Joe moves to the typical argument that there are scientific explanations we don’t yet know, and that he can accept mental/psionic powers which might be confused for magic.  Lauren is ready with an answer, specifically because she is familiar with both and knows them to be different.

This of course spilled over into the argument about religion, dragging Kondor into it.  The challenge at this point was to keep everyone credible and in character, and find a way out of the argument without anyone conceding anything.

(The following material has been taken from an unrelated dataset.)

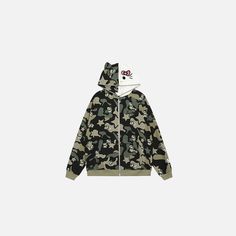 Incluso dice hola.

 Detalles
 Material: Algodón
 Cuello: con capucha Camouflage Hoodie, Camo Hoodie, Hoodie Green, Hoodie Men, Statement Shirt, Relaxed Style, Individual Style, Formal Occasion, Fashion Games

Having Joe tell the story of the debate enabled me to end it unfinished.  Whatever Lauren and Bob said after this probably wasn’t even on subject anymore.  Joe has in essence lost the debate without surrendering his position:  he knows he can’t win, so he stops trying.


Chapter 113, Hastings 39

I had some notion in mind that the parakeets spent the summers here, but was only hinting it.  My editor thought it incredibly obvious, and thought Lauren really should have realized it sooner, but I’m not convinced even now.  They were not interested in nest construction or maintenance at this point because they were leaving soon.

I knew the action was going to have to resume soon; this was a calm before the storm, and although I was still working out the details of the storm, the calm needed to draw to an end.  Thus Lauren returned to her practice.

The idea that Lauren has been lulled into relaxing and that Bob’s diligence shocks her back to practice seemed sensible.  After all, she’s been thinking that the reason she is here is to help create the basics of civilization, and now she has two companions—one always dressed in the garb of a soldier, the other constantly practicing his combat skills.  If her theory is correct, there must be a need for fighters in whatever is to come, and she needs to put herself back on track for that.

Bob’s practice includes changing the power cell in the weapon because he noticed previously that that was a time-consuming part of fighting, and it would be to his advantage to recognize when he was firing his last shot and to be able to change the power cell quickly.

There are more hints of what is to come in this chapter, but not of the part that matters to the story.  In a sense, the journey is a distraction:  it will come, and it will change the situation, but while the reader is expecting that something entirely different is coming that the reader is not expecting.

The statement at the end of this chapter that Lauren would soon be ready sets up her next chapter, where she realizes she is not.


Chapter 114, Slade 38

From the first chapters, it had always been assumed that all three characters had started in NagaWorld; but because that world is used as the starting point for players and is supposed to be a mystery to be explored, I tried to keep the amount of detail about it in the book limited.  But at this moment, it seemed sensible to bring out that they were all in that world originally, because it supported the view that they were connected, and that would help the story move forward.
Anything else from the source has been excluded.